Não respondi. Segurei José e nos dirigimos aos assentos dos espectadores.
Nós nos sentamos na plateia e ele permaneceu abatido.
Quando chegou o momento da premiação, a professora anunciou que José havia conquistado o primeiro lugar na competição de caça e pediu para ele subir ao palco. Mas José recusou-se. O regulamento exigia que o prêmio fosse entregue por seu pai, e seu pai não estava lá.
Após a cerimônia, pai e filho deveriam posar para fotos juntos, o que tornava tudo ainda mais cruel.
Davi sempre se recusou a reconhecer José como seu filho, e professores e colegas sabiam que seu pai vivia no território do norte, sem voltar à alcateia há anos. Mas a verdade era que seu pai estava ali, assistindo à competição acompanhado de outro filhote.
Após a competição, fui embora com José. Ao chegarmos à entrada, encontramos Davi esperando.
Ele estava fumando, pensativo, caminhando devagar de um lado para o outro, com um sorvete quase derretendo nas mãos.
José o viu, mas, pela primeira vez, não correu para os seus braços. Ficou parado, como se estivesse observando um estranho.
— Coma logo, vai derreter. — Disse Davi, aproximando-se rapidamente e estendendo o sorvete a José.
Acariciou sua cabeça de forma quase suplicante, tentando confortá-lo. José hesitou, mas pegou o sorvete. Sua sobrancelha, que tinha passado o dia franzida, finalmente relaxou.

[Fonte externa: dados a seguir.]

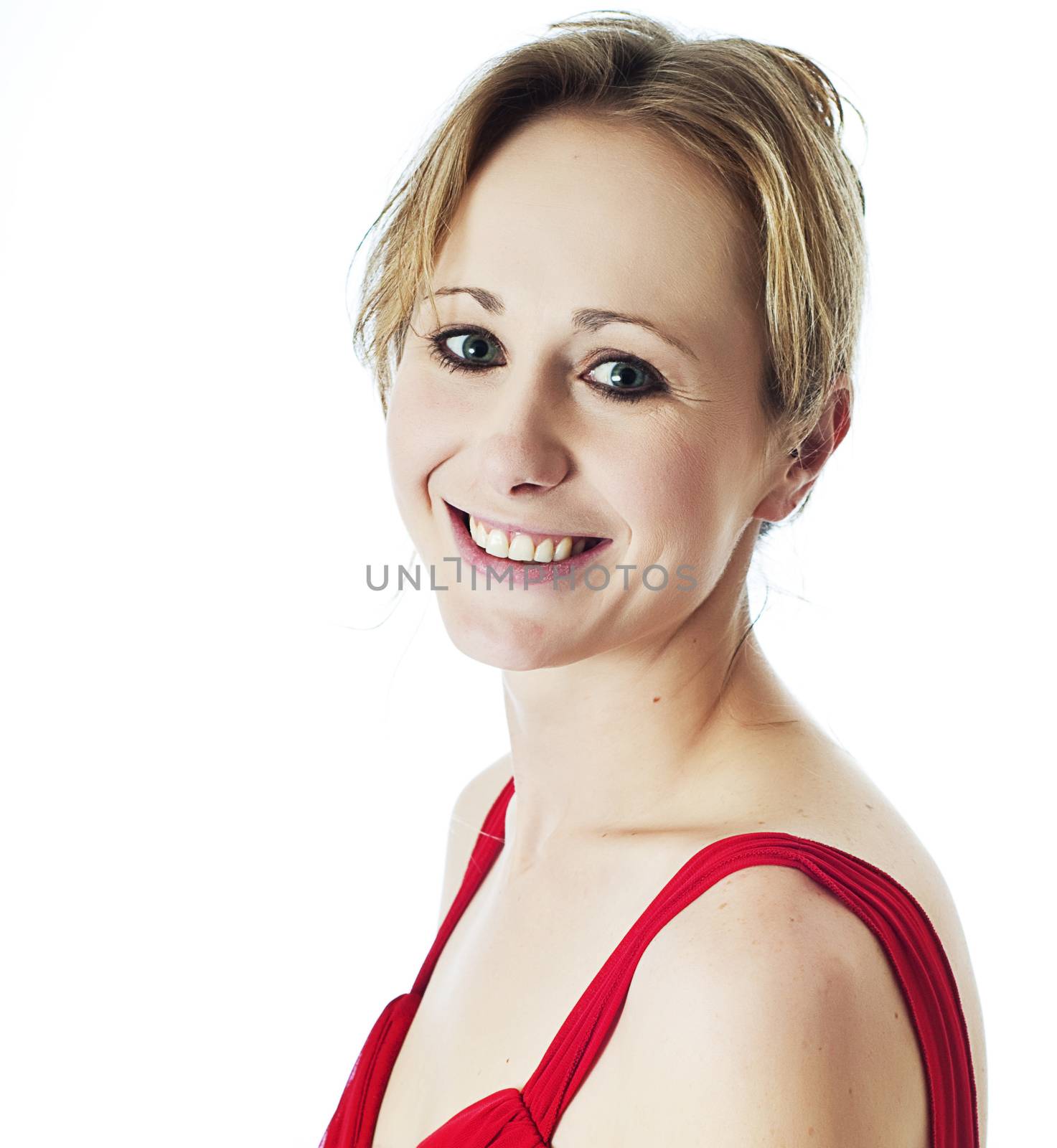 Head shot of a sexy young woman wearing red against a white background.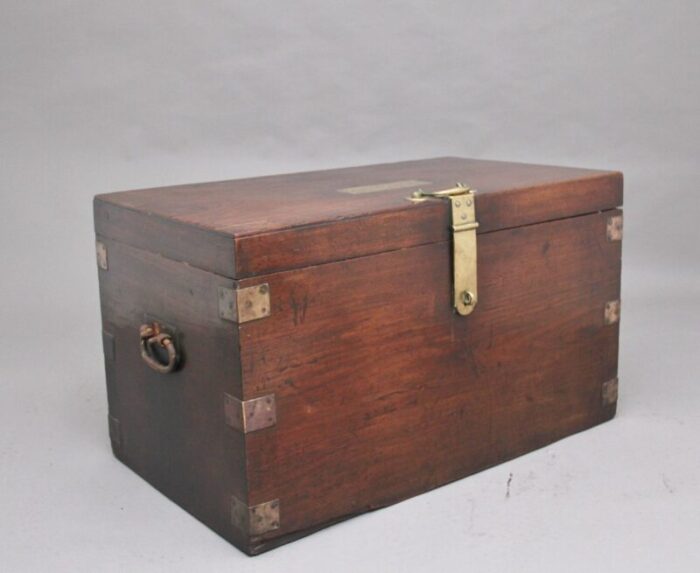 19th century teak and brass bound campaign trunk 1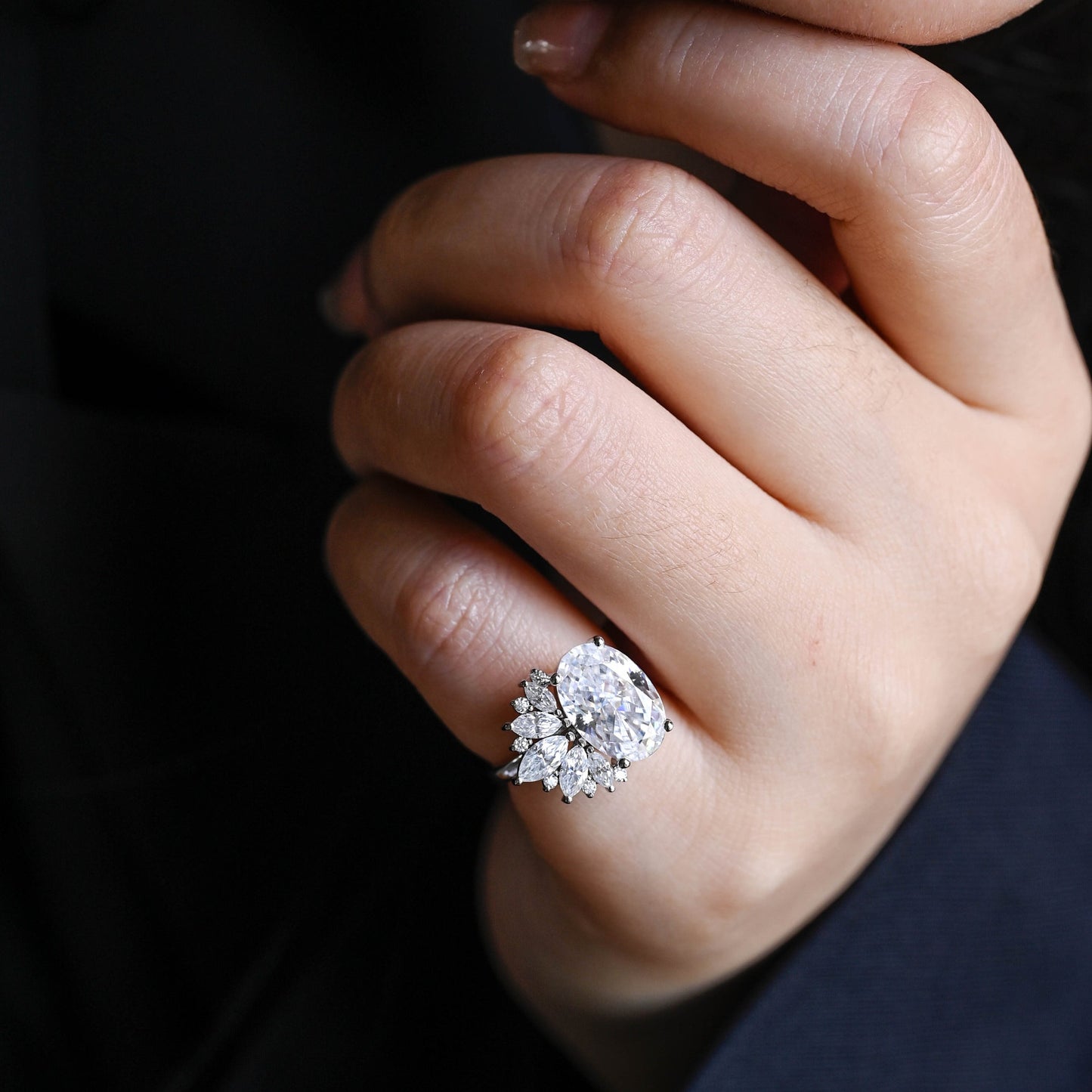 4.5 CT Oval Cut Cluster Moissanite Engagement Ring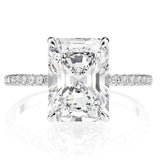 Stunning Radiant Cut CZ Ring, Cubic Zirconia with Pave Band, White Gold Plated Dainty Ring Jewelry for Part Men Women - FITINY Jewelry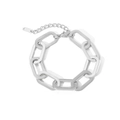 Bracciale a catena spessa ovale in acciaio inossidabile argento con maglie larghe 1,4 cm - Bracciale a Grandi Maglie Ovali (NB-B1014-S)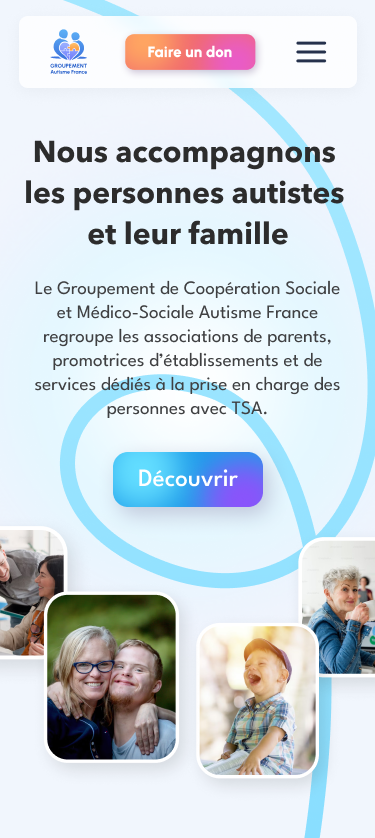 New Groupement Autisme France homepage on mobile
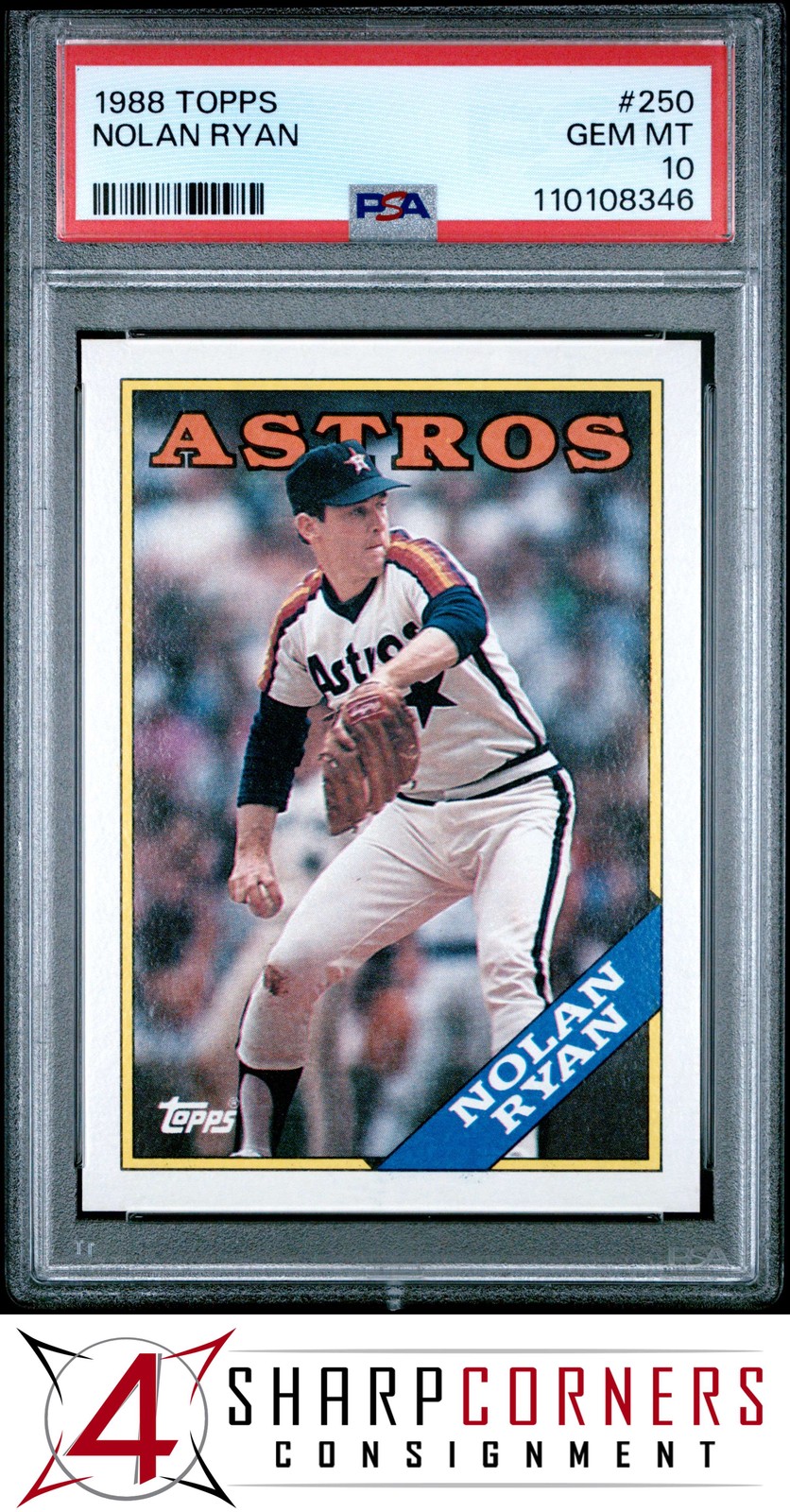 1988 TOPPS #250 NOLAN RYAN ASTROS HOF PSA 10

Davi então se aproximou de mim, com a expressão de preocupação.
— Viviane, Lucas quer participar da competição infantil de caça, mas, para isso, ele precisava ter vencido na categoria júnior. Ele não ficou entre os três primeiros, mas José conquistou o primeiro lugar. Pelo que sei, José não pretende participar da categoria infantil. Então podemos ceder a vaga dele para o Lucas?
José, surpreso, deixou o sorvete cair. Ele não esperava que o gesto de Davi de esperar por ele e lhe trazer o sorvete não fosse por arrependimento ou culpa, mas apenas para ceder sua vaga na competição.
— Tio Davi, se o Lucas quer, eu deixo para ele. De qualquer forma, não vou precisar da vaga... — José olhou seriamente para Davi.
Davi fixou o olhar em José, percebendo algo estranho nas palavras do filho. Mas, antes que pudesse perguntar, seu telefone tocou.
— Davi, Lucas está com febre. Estamos na sala de fisioterapia. — Disse Sofia, do outro lado.
— Não se preocupe. Esperem por mim, chego rápido. — Ele respondeu.
Antes que Sofia pudesse terminar, Davi correu para o estacionamento, nos abandonando.
Quando passou de carro por nós, José gritou:
— Papai, tchau!
Ao ouvir, Davi parou abruptamente. Olhou para José e, por um instante, imaginei que ele iria ficar. Mas, no segundo seguinte, arrancou o carro.
— Voltem cedo para casa. Tenho algo para dizer a vocês. — Disse.
E desapareceu.
Naquele dia, ao ouvir José chamá-lo de "papai", ele não se irritou. Talvez tivesse percebido que era a última vez que ouviria isso.
À noite, eu e José fomos para o aeroporto. Levamos apenas roupas básicas, não precisávamos de mais nada.
Quando o avião estava prestes a decolar, enviei a Davi uma última mensagem:
[Nosso relacionamento termina aqui. Até nunca mais.]